Inevitably, the shockwaves from Charleston, S.C., have found their way into the Memphis election season.
In truth, several different kinds of things got said and done by candidates in 2015 city races this week, and these will be dealt with soon enough (in the case of this blog, within the next post or two).
Right now, the one thing that stands out was a statement made by Mayor A C Wharton that got widely noticed on Thursday but actually got said sometime late Wednesday — in an email to the Associated Press, no less.
That a statement with such potentially profound consequences got distributed that way surely belongs in the next thoughtful thumb-sucking piece about how social media have impacted our election process.
What the Mayor recommended was the immediate removal of a statue of the late Confederate general Nathan Bedford Forrest, atop his charger, from a park that was once named for the general, a renowned calvary leader during the Civil War, but became Health Sciences Park in 2013 as part of a general re-evaluation of the city’s attitude toward its own history.

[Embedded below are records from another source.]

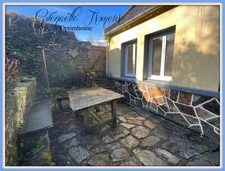 Maison à vendre 5 pièces Proche de SIZUN (Saint-Cadou) (29)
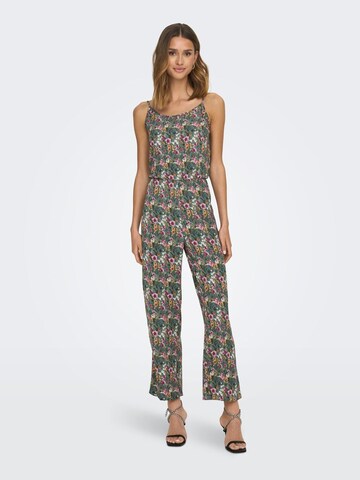 JDY Jumpsuit in Mixed colors: front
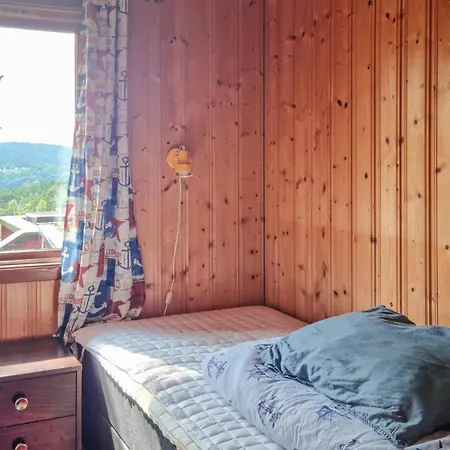 Amazing Home In Mandal With Wifi Feriehus *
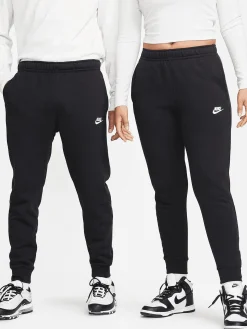 Nike Pants|Pants & Sweats-Sportswear Club Fleece Joggers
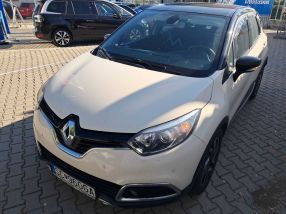 Renault Captur - 2014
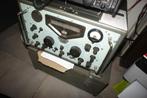 RACAL R-3011A, Telecommunicatie, Zenders en Ontvangers, Ophalen, Refurbished, Ontvanger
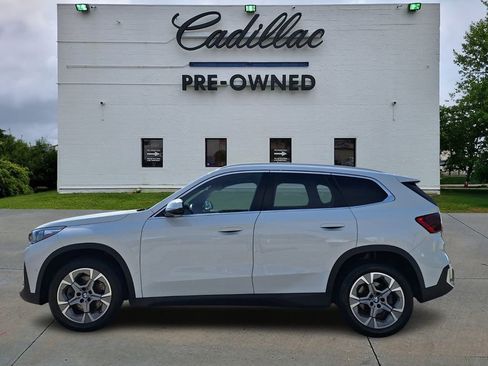 Used 2023 BMW X1 xDrive28i image 6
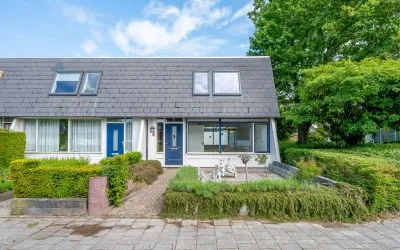 Hoekwoning te koop: Opperland 7, Meilust Noord Bergen Op Zoom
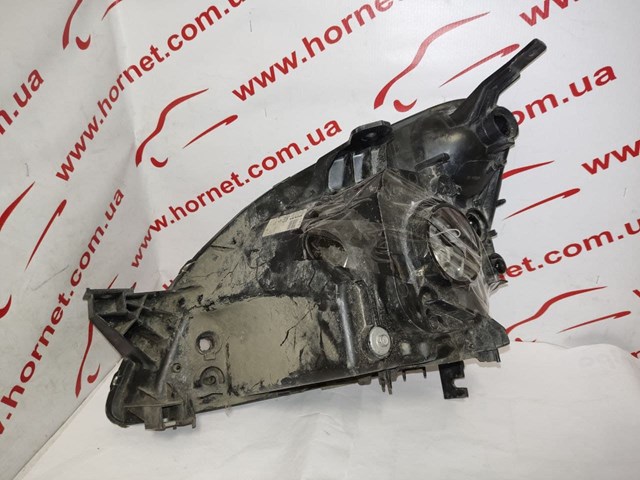 Основна фара - вставка 33101S9AG11 HONDA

That statue, said Wharton, should be remanded to the custody of the Forrest Monument Association, the memorial society that placed it there a century ago and, to judge by what the Mayor said, must still exist.
Wharton went further: The remains of Forrest and his wife should be disinterred and taken for re-burial in Elmwood Cemetery, the vintage resting place of many distinguished Memphians and the original place of interment for the Forrests before they were re-buried beneath the general’s statue.
This unprecedented demotion of a Memphis icon is more than just another reaction to the horrors of Charleston like the sentiment almost everywhere, South as well as North, for the eradication of Confederate symbolism of the sort that clearly motivated Dylann Storm Roof.
Forrest has long been controversial in his own right for three matters attached to his reputation — his history as a slave trader before the Civil War, his alleged massacre of black Union soldiers at the battle of Fort Pillow during the war (Forrest’s defenders hotly dispute his responsibility for the verified non-combat deaths that occurred there), and his founding of the Ku Klux Klan after the war (something that the self-same defenders insist didn’t really happen, or didn’t happen in exactly the way that people imagine).
These are the issues, presumably, that Wharton had in mind when he said that it was inappropriate for people to be picnicking in the shadow of Nathan Bedford Forrest.
And it isn’t just the Mayor. One of his prime opponents in the current Mayor’s race is Councilman Jim Strickland, who was at Overton Square’s Zebra Lounge on Thursday night as the honoree of a meet ‘n greet affair that targeted African-American voters.
Asked about Wharton’s proposal before he spoke to the crowd, Strickland answered without hesitation: “I’m for it."
An hour later, at the close of an East Memphis fundraiser in the offices of the Farris and Bobango law firm, Councilman Ed Ford was asked his attitude toward the idea and said that, while he’d rather focus on amending the larger conditions of potential racial discord in the city, he wouldn’t oppose the act of removal proposed by Wharton.
Others running for Mayor or for Council have not had a chance to weigh in yet, but one gets the sense that Wharton’s proposal, while it may be at least partly inspired by the politics of the moment, is transcendent of it as well, and is unlikely to incur much disagreement among other mainstream candidates.
The idea of removing all traces of the General and of what he is now thought to represent from a place of honor and prominence in Memphis is not new. It has been proposed at intervals for the last decade or so. It may in fact be that proverbial idea whose time has come.